We are developing machine-learning technology to help users efficiently run data queries over large archives of raw video.
As video is captured in increasingly large volumes, new types of software are needed in order for users to query and extract relevant information in a fast, efficient way. Traditionally, query processing has been applied to databases in which SQL queries are run to extract simple information from tables of data. Simple information, such as finding the number of vehicles that run red traffic lights, can also be extracted from raw video data by running queries over large archives of video — but until recently, it has been computationally expensive and resource-intensive to run computer-vision algorithms that can process videos.
The technology that we have developed is capable of applying machine-learning algorithms that can efficiently identify objects within video streams. Our software implements both object-tracking and query processing for automated analysis of video.
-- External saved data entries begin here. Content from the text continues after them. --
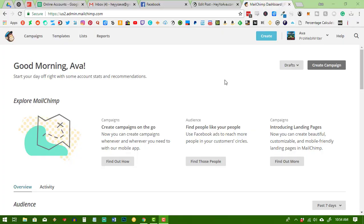Hello, my name is Ava from HeyYoAva.com and I'm going to show you how to create a landing page with MailChimp.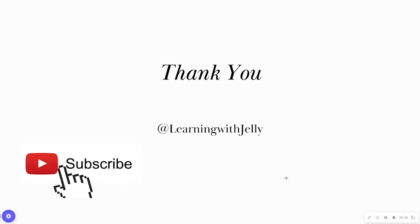As always, thank you so much for tuning in with Learning with Jelly. Please like, comment and subscribe and I will see you on the next video. Thank you. Bye bye.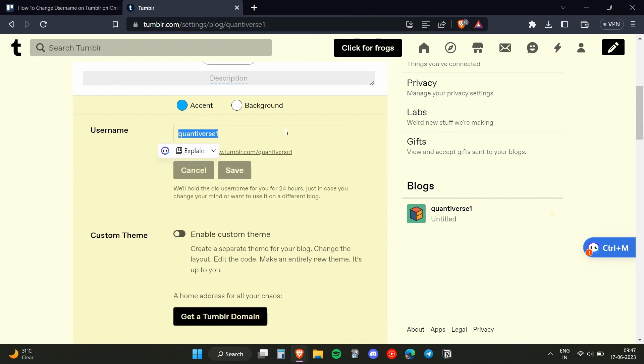From here you will be able to edit your username. So that's how you can change your username on Tumblr. I hope you found this video useful. Make sure to like, share, and subscribe to my channel.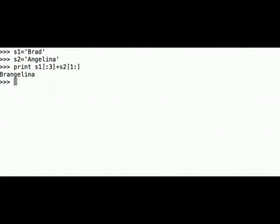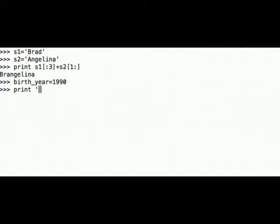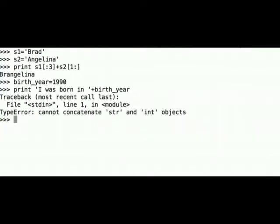Now let's try concatenating a string and an integer. We set birth year equals 1990 and try to print 'I was born in' concatenated with the variable birth year. The program returns an error on line one: TypeError — cannot concatenate string and int objects.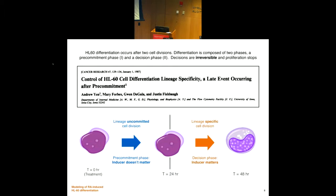Following the priming step, there is a lineage commitment step where the inducer you give actually matters. In the priming step I could give vitamin A, wash it out, then come in with some other inducer and differentiate the cell into a different lineage. So vitamin A takes it to a neutrophil, vitamin D to a macrophage. In the first phase the inducer doesn't matter, but in the second stage it does. We got involved in this problem because it's a fantastically interesting control problem, and we wanted to understand at a molecular level what was going on and build mathematical models to reason about the underlying networks.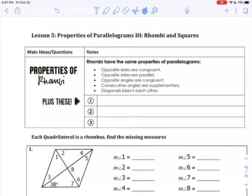Hi, this is Unit 3B, more of Lesson 5, and today we're going to talk about rhombuses and squares.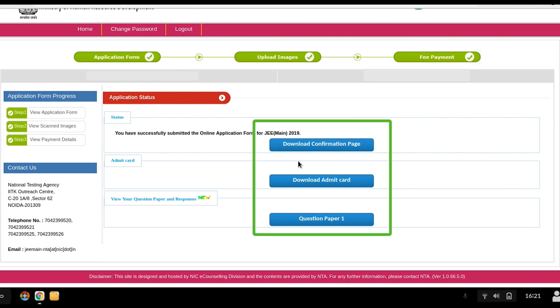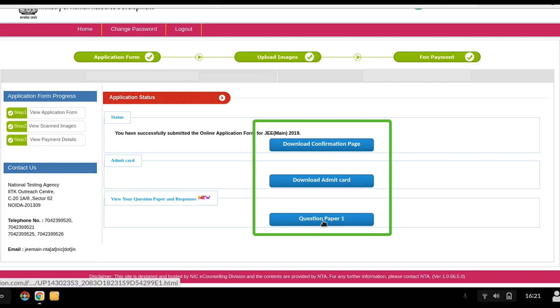After logging in, download the confirmation page, download the admit card. You can then choose the new option to view your question paper and responses. Click on the question paper to view it.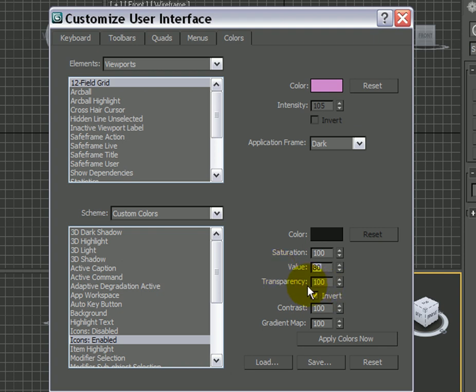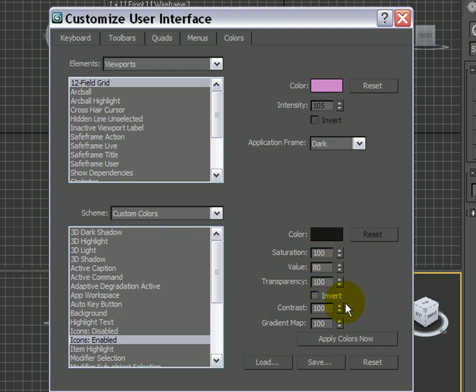The transparency can be left at 100. This is important. You want to uncheck the Invert option. That way, it's taking all the custom values as it is. And the contrast can be left at 100.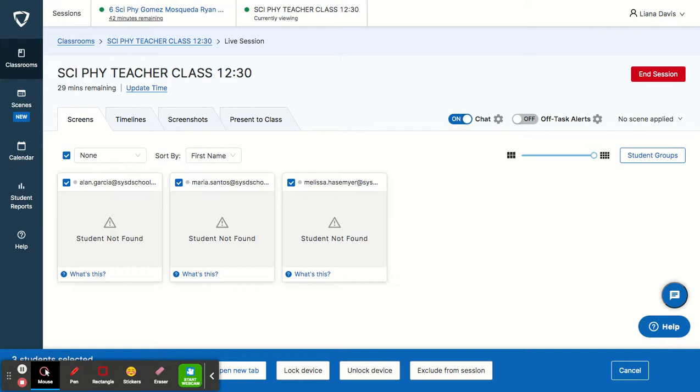This can also be used during synchronous instruction, like a Google Meet, when you want your students to have access to a research site or a Jamboard that was previously created or something that you want your students to access right away. It opens it up automatically on their page.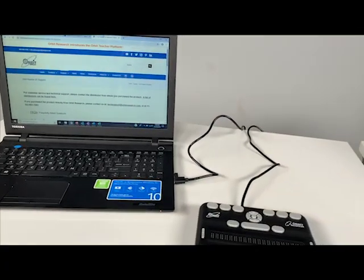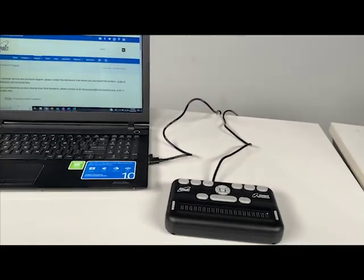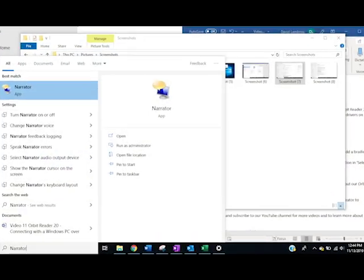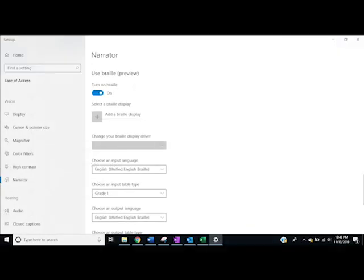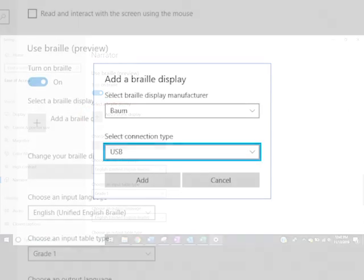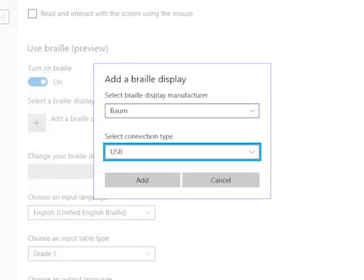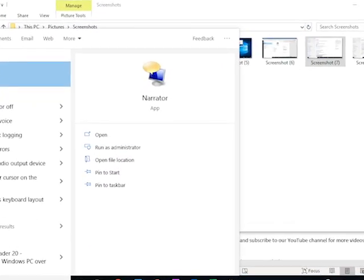Now, connect the Orbit Reader 20 device to the PC by USB cable. Start or restart the Narrator application. Open the Narrator settings window and turn on Use Braille, and add a device by clicking the Add Braille Display option. Select BAUM for the braille display manufacturer, and then select USB for the connection type. Then press Add. Restart the Narrator application.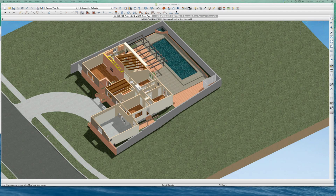Hey, welcome to the unwanted sill plate on a brick wall video. Timer started — 10 minutes.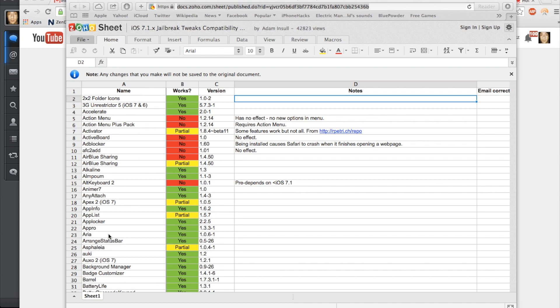This list is going to be updated as tweaks become compatible with iOS 7.1 and 7.1.1. Also, if you don't know about some of the tweaks, I'll be sure to go through this list and put all the links of the ones that I've reviewed in the description below so you guys can check them out and see if you want to download those.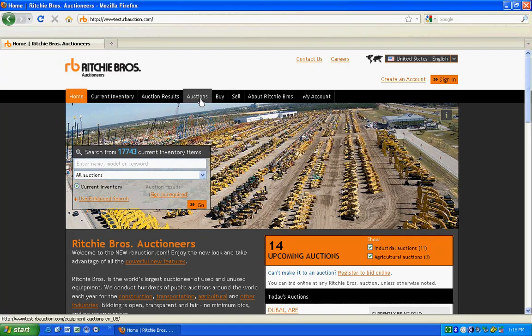Welcome to the new rbauction.com. This online tour is designed to help you get the most out of the new website.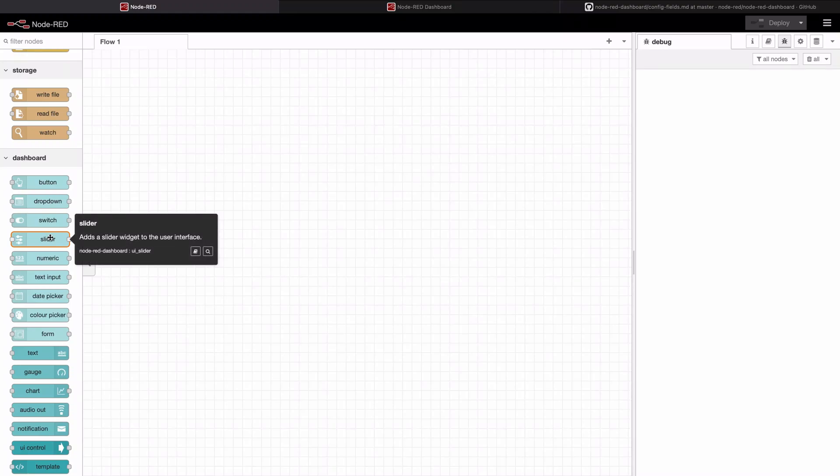We're going to take an in-depth look today on how to dynamically adjust the minimum and maximum of a slider so you can change the minimum and maximum in your program while it's running.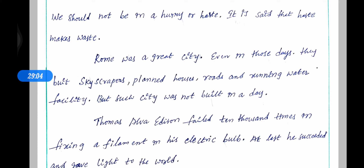Thomas Alva Edison failed 10,000 times in fixing a filament for his electric bulb. But at last he succeeded and gave light to the world.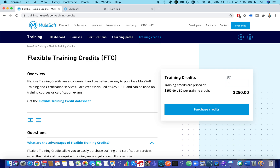Once again, if you have any questions, please drop a mail to trainingops@mulesoft.com — they are very helpful in resolving your issues. This is the official training website of MuleSoft. Hope you liked it.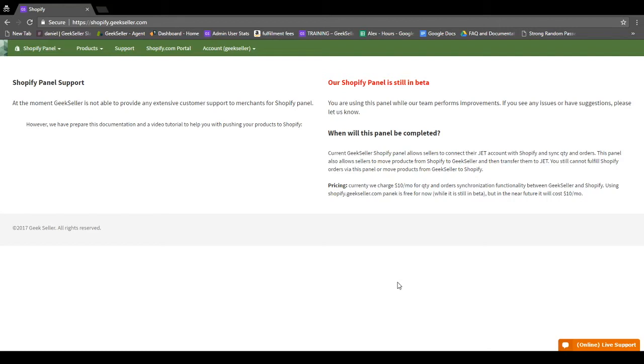Our Shopify panel is still in beta, but it can already be used for many functions, such as importing your products from Shopify.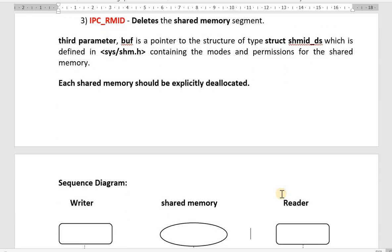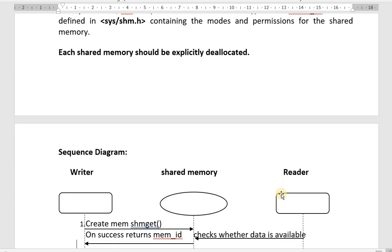Overall, we have seen five different stages in the shared memory process: first, allocation; second, attachment; third, accessing the shared memory; fourth, detachment; and fifth, deallocation.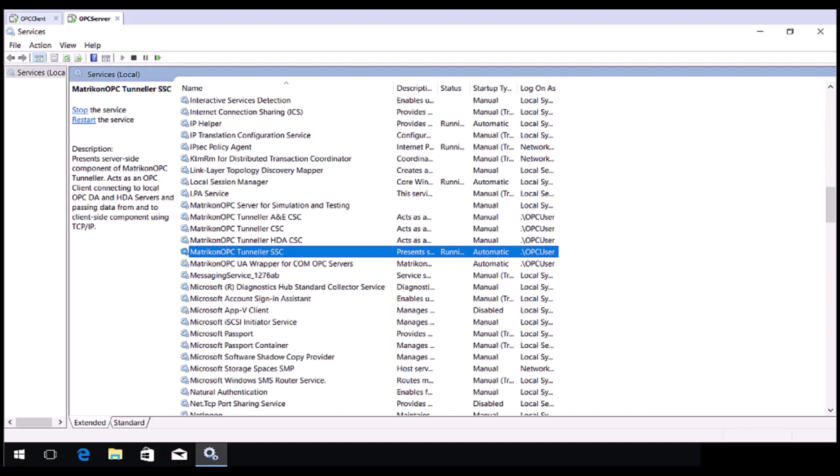I normally recommend that you determine what user the OPC server is running as, and then match the Tunneller SSC server to run as the same user here.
To speed up queries while maintaining accuracy, our approach involves processing video at low framerates when possible. Rather than running algorithms on every frame of video to answer simple questions, we focus on regions of video so that the algorithms prune out the frames that will not satisfy the predicate. These types of pruning heuristics dramatically reduce the number of frames that need to be processed, and a more robust object tracker helps to refine tracks with finer-grained detections at the same time.
We are also looking into a self-supervised learning approach to automate object tracking in video, instead of a manual hand-labeling to track every instance of an object type (such as cars, pedestrians, or animals). Through these methods and other optimization tools, our project aims to reduce weak labeling and self-occlusion, as well as accelerate the execution of object track queries with novel software.
Our goal is to create a self-consistent model across varying inputs — for example, training one model to track objects based on spatial features, and another model using only visual features. We are continuing to develop tools that express different approaches to solving different tasks for use in a variety of applications, such as traffic planning and behavior research in autonomous driving. As our tracking software becomes more sophisticated, we are able to run much more efficient queries over larger volumes of video data.